→ TASK TO COMPLETE:
The records below hold a stretch from the line with "Smart Fingerprint Door" through the line with "Ombre Polished Resin"; return exactly those lines, ends included, and nothing more.

-.-.-

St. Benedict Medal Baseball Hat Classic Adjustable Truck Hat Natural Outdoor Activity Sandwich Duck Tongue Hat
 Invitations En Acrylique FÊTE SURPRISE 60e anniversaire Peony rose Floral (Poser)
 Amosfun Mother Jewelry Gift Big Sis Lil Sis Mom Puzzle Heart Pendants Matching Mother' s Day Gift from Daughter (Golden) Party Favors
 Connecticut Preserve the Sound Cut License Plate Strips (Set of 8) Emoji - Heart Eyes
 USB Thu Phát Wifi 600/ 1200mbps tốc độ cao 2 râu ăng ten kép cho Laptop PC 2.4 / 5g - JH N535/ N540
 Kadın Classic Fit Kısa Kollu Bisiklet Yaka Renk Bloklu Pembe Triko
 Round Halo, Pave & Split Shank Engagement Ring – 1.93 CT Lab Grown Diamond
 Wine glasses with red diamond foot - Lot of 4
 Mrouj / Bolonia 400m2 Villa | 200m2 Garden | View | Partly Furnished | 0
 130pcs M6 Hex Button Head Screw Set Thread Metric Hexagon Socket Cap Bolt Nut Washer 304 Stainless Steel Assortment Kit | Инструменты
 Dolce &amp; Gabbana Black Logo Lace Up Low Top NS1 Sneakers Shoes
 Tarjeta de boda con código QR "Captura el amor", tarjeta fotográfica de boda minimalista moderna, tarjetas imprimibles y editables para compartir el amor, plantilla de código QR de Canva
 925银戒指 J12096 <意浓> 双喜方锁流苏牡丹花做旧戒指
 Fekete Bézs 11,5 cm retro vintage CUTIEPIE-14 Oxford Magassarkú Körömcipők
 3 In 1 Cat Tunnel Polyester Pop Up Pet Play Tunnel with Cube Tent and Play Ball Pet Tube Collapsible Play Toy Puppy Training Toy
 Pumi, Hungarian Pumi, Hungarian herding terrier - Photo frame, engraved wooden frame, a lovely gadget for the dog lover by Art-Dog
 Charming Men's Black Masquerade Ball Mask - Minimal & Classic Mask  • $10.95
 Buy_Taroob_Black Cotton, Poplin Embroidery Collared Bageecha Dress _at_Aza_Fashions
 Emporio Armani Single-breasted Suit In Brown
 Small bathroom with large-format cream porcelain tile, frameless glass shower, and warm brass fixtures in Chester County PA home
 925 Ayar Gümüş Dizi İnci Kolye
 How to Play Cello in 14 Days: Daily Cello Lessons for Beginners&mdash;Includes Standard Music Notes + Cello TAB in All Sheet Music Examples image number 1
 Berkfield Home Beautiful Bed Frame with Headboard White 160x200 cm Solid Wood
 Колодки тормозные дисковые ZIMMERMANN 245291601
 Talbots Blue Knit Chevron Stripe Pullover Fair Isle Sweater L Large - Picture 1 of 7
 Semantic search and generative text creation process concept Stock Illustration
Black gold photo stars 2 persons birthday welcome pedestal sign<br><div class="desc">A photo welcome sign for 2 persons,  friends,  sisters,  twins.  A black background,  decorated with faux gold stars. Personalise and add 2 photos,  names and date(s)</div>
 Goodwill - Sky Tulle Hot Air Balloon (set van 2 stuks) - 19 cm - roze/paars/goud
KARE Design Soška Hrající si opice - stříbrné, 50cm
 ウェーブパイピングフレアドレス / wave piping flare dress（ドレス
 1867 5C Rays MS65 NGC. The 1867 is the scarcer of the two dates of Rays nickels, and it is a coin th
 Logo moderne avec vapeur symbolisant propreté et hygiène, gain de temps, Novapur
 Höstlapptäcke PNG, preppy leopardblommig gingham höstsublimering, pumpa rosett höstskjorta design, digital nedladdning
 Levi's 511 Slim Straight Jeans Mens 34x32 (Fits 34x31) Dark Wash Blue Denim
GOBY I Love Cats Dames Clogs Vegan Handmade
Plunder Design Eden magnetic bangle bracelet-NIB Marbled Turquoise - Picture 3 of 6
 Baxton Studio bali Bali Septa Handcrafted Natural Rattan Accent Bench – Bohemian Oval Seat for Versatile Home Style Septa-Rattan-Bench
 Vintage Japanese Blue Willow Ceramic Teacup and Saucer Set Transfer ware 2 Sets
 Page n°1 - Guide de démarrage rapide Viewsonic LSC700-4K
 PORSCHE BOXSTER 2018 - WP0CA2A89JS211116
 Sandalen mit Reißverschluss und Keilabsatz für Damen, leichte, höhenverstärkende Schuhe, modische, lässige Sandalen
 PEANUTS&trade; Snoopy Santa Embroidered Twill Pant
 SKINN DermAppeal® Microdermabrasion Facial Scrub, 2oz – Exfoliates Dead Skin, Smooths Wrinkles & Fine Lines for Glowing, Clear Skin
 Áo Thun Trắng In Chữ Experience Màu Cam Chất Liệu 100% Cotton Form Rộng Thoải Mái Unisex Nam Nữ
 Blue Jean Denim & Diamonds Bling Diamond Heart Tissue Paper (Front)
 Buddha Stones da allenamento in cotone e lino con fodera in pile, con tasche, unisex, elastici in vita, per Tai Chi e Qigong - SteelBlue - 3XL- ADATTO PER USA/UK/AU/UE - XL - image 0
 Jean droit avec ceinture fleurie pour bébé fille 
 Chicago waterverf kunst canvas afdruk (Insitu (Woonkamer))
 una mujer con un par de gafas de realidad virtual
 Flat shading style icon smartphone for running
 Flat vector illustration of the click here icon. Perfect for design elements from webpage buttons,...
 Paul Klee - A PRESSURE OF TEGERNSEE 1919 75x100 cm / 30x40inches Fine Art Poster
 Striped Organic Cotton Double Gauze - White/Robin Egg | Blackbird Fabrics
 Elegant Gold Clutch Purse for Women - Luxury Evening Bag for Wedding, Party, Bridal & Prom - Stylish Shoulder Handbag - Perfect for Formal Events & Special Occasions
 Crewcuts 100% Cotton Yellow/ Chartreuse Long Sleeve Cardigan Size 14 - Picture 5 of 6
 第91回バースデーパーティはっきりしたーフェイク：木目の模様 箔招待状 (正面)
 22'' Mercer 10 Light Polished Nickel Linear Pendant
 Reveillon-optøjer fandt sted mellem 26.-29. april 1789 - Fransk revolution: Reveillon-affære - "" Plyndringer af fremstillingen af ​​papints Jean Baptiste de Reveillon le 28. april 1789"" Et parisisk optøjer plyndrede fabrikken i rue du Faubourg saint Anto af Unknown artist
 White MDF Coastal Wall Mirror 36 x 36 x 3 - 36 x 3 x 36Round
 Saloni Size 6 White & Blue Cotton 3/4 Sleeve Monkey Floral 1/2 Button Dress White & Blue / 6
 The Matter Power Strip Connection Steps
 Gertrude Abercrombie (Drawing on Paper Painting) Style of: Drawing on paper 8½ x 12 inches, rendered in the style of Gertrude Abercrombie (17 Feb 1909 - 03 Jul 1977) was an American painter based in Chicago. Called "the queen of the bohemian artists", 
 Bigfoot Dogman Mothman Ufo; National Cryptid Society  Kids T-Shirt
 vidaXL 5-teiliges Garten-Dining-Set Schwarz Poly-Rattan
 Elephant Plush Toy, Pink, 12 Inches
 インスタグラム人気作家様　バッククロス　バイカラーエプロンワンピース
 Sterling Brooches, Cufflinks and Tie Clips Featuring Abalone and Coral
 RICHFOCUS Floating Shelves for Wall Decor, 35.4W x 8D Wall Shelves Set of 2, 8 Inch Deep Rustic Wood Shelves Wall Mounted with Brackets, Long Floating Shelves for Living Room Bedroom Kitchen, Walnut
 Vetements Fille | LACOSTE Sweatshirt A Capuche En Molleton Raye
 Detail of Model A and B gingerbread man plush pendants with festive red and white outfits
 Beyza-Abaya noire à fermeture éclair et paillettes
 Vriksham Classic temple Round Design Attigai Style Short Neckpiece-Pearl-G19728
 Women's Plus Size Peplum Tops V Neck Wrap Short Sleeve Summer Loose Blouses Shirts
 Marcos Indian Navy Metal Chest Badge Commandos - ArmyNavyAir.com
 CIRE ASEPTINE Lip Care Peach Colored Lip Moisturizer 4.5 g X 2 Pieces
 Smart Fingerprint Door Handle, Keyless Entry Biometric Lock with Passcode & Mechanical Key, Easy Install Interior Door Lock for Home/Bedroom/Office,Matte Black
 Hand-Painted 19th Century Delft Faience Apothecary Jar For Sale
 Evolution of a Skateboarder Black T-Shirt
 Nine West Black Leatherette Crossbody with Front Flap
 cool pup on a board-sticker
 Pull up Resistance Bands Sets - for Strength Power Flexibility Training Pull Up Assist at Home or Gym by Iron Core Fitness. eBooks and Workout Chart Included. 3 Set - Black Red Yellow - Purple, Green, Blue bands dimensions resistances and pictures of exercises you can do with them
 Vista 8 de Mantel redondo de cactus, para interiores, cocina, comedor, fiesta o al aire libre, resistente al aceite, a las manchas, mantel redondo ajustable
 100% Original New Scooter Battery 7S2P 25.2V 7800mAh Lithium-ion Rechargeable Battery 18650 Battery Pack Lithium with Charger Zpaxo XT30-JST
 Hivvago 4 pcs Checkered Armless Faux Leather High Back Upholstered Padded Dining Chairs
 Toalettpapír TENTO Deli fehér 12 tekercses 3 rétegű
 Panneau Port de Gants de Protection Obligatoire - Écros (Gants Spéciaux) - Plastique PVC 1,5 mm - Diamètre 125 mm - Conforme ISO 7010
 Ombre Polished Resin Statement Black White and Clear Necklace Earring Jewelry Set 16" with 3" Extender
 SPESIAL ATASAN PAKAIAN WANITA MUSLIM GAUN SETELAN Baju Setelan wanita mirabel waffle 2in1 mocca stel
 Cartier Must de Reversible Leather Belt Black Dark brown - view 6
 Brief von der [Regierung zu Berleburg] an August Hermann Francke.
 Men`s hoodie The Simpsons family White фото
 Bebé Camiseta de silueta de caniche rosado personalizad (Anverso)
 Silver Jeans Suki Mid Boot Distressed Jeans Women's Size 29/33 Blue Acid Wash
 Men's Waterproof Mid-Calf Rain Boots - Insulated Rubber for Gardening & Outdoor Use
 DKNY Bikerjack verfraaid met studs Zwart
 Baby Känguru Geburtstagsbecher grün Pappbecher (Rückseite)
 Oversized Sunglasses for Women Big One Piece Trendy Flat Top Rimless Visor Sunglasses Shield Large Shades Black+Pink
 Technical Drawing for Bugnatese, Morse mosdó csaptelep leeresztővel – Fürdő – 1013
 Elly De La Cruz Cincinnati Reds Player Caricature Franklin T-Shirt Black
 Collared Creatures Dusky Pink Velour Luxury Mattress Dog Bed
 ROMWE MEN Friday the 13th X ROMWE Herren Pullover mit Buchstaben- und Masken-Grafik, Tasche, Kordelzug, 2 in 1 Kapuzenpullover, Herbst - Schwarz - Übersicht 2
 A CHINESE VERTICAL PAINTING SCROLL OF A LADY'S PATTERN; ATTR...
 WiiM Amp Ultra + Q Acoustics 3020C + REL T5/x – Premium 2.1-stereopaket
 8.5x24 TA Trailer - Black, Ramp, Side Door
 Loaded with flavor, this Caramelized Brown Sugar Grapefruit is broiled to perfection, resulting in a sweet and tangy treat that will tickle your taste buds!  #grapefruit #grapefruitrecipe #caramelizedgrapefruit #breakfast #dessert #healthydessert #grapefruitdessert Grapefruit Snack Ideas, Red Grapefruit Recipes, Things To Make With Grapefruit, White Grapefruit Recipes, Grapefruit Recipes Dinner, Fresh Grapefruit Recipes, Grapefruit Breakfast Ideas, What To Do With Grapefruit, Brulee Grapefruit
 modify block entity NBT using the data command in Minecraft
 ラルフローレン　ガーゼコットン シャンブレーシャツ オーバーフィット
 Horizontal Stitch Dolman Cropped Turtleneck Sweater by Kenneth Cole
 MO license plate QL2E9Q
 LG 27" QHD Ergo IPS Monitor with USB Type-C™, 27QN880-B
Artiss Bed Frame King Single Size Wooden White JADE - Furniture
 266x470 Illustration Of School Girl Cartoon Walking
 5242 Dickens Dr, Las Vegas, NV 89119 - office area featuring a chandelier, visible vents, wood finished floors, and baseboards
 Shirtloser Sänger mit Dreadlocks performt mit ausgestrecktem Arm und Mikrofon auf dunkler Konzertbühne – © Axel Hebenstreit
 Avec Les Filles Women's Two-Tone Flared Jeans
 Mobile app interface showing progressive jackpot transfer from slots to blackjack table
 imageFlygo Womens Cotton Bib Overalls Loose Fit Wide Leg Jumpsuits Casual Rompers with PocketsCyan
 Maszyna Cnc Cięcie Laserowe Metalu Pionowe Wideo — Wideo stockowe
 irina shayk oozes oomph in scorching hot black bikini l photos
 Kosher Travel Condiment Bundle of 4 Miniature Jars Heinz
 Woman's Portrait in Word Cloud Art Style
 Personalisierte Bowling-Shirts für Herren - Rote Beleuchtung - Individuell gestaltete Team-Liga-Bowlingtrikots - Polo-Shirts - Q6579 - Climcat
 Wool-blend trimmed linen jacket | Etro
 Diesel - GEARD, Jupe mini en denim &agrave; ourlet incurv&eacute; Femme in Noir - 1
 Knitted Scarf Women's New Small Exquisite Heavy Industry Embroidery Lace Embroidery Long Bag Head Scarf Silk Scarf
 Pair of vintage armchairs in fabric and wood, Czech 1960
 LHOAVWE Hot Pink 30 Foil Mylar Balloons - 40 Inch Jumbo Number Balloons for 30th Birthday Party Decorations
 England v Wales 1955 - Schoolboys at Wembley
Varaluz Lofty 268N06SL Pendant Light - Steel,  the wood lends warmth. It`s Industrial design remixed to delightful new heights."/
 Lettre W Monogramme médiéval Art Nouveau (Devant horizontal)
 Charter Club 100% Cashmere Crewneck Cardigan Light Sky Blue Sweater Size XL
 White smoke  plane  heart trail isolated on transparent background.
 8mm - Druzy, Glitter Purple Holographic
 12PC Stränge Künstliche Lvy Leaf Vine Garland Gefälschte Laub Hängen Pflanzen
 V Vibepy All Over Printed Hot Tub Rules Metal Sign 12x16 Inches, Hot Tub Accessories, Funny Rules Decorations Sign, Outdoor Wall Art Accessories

-.-.-

→ RESULT BELOW:
 Smart Fingerprint Door Handle, Keyless Entry Biometric Lock with Passcode & Mechanical Key, Easy Install Interior Door Lock for Home/Bedroom/Office,Matte Black
 Hand-Painted 19th Century Delft Faience Apothecary Jar For Sale
 Evolution of a Skateboarder Black T-Shirt
 Nine West Black Leatherette Crossbody with Front Flap
 cool pup on a board-sticker
 Pull up Resistance Bands Sets - for Strength Power Flexibility Training Pull Up Assist at Home or Gym by Iron Core Fitness. eBooks and Workout Chart Included. 3 Set - Black Red Yellow - Purple, Green, Blue bands dimensions resistances and pictures of exercises you can do with them
 Vista 8 de Mantel redondo de cactus, para interiores, cocina, comedor, fiesta o al aire libre, resistente al aceite, a las manchas, mantel redondo ajustable
 100% Original New Scooter Battery 7S2P 25.2V 7800mAh Lithium-ion Rechargeable Battery 18650 Battery Pack Lithium with Charger Zpaxo XT30-JST
 Hivvago 4 pcs Checkered Armless Faux Leather High Back Upholstered Padded Dining Chairs
 Toalettpapír TENTO Deli fehér 12 tekercses 3 rétegű
 Panneau Port de Gants de Protection Obligatoire - Écros (Gants Spéciaux) - Plastique PVC 1,5 mm - Diamètre 125 mm - Conforme ISO 7010
 Ombre Polished Resin Statement Black White and Clear Necklace Earring Jewelry Set 16" with 3" Extender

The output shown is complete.